• [HOW TO COMPLETE THIS TASK] Images aside, the whole listing should be written out word for word.

DATA SHOWN below:

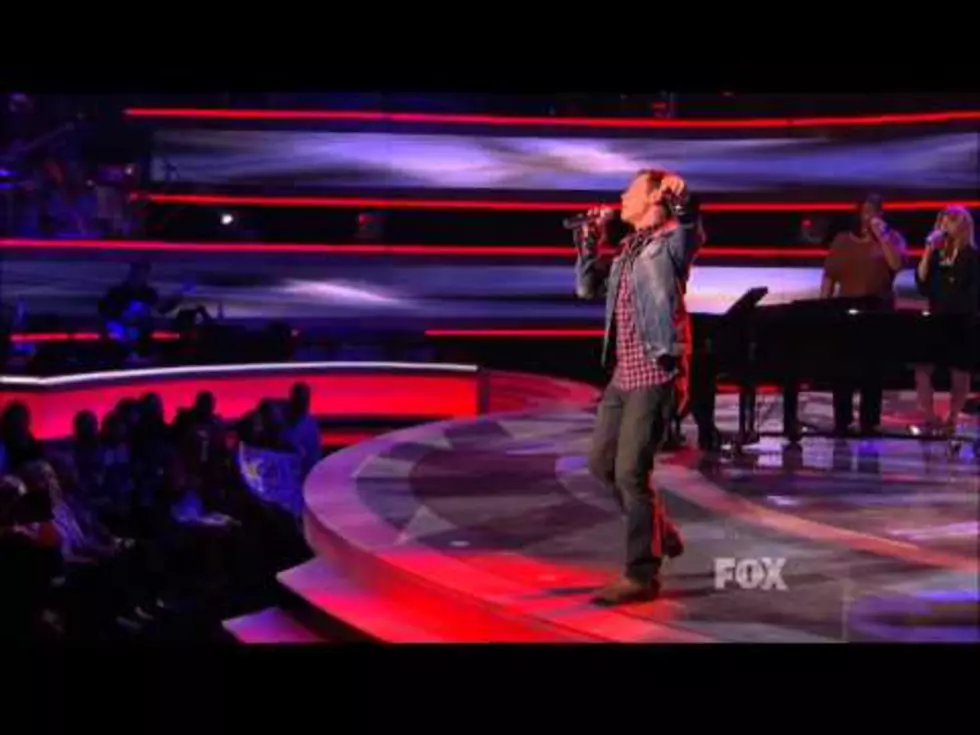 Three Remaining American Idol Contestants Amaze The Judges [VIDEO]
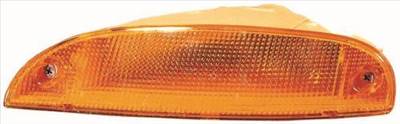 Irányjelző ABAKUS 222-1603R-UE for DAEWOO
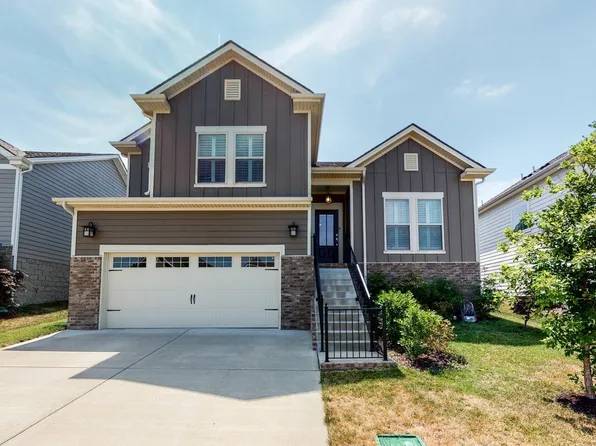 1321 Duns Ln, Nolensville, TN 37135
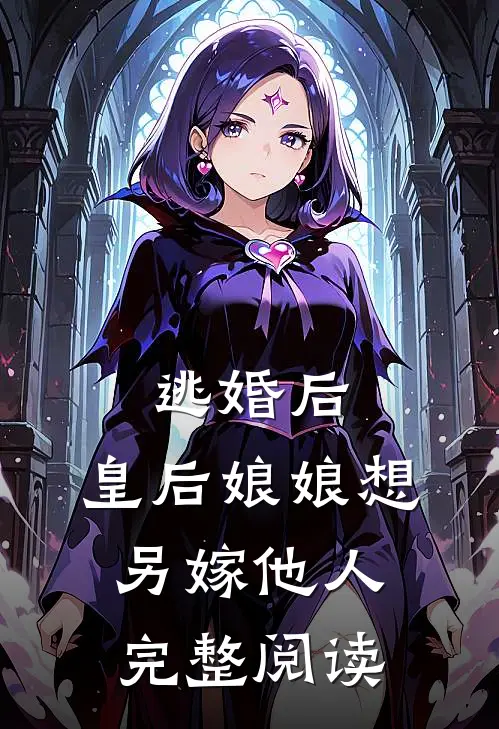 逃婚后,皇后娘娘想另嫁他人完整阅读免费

End of DATA SHOWN.

• [EXERCISE RESPONSE]
 Three Remaining American Idol Contestants Amaze The Judges [VIDEO]
 Irányjelző ABAKUS 222-1603R-UE for DAEWOO
 1321 Duns Ln, Nolensville, TN 37135
 逃婚后,皇后娘娘想另嫁他人完整阅读免费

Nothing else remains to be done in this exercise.